## Task instructions
Drop all images. Then write out each line below exactly as given.

## Supplied material

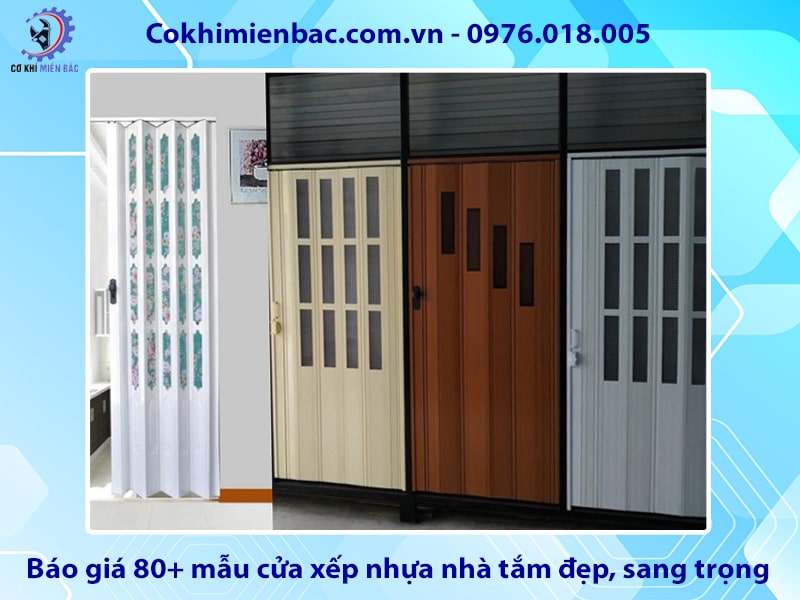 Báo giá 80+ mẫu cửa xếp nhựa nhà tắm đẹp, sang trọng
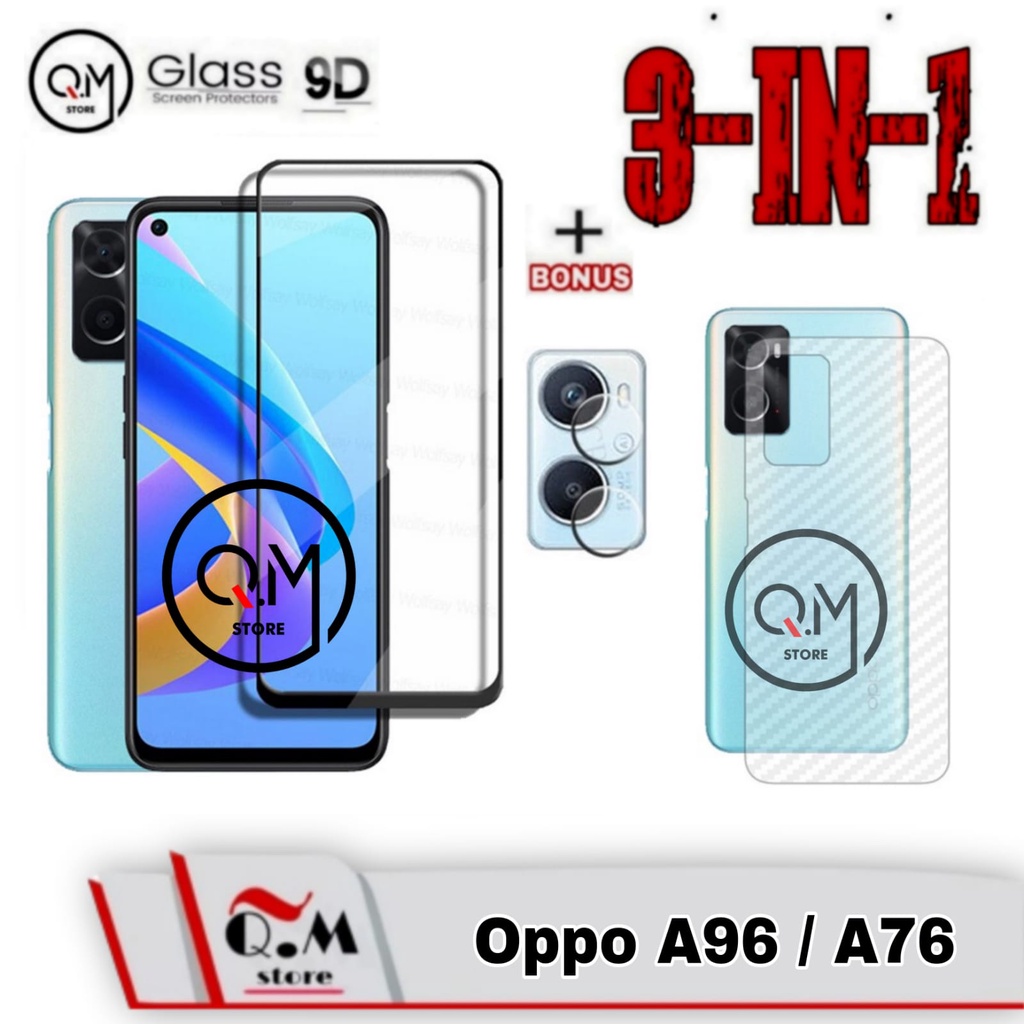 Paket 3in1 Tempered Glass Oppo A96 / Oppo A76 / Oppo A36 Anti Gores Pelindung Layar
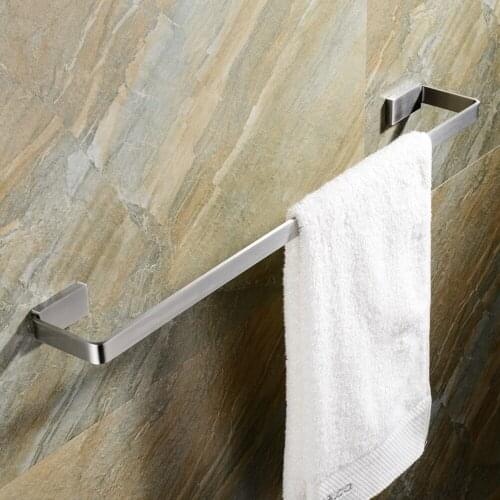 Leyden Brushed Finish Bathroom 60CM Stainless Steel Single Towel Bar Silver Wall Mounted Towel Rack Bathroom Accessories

## Answer space
 Báo giá 80+ mẫu cửa xếp nhựa nhà tắm đẹp, sang trọng
 Paket 3in1 Tempered Glass Oppo A96 / Oppo A76 / Oppo A36 Anti Gores Pelindung Layar
 Leyden Brushed Finish Bathroom 60CM Stainless Steel Single Towel Bar Silver Wall Mounted Towel Rack Bathroom Accessories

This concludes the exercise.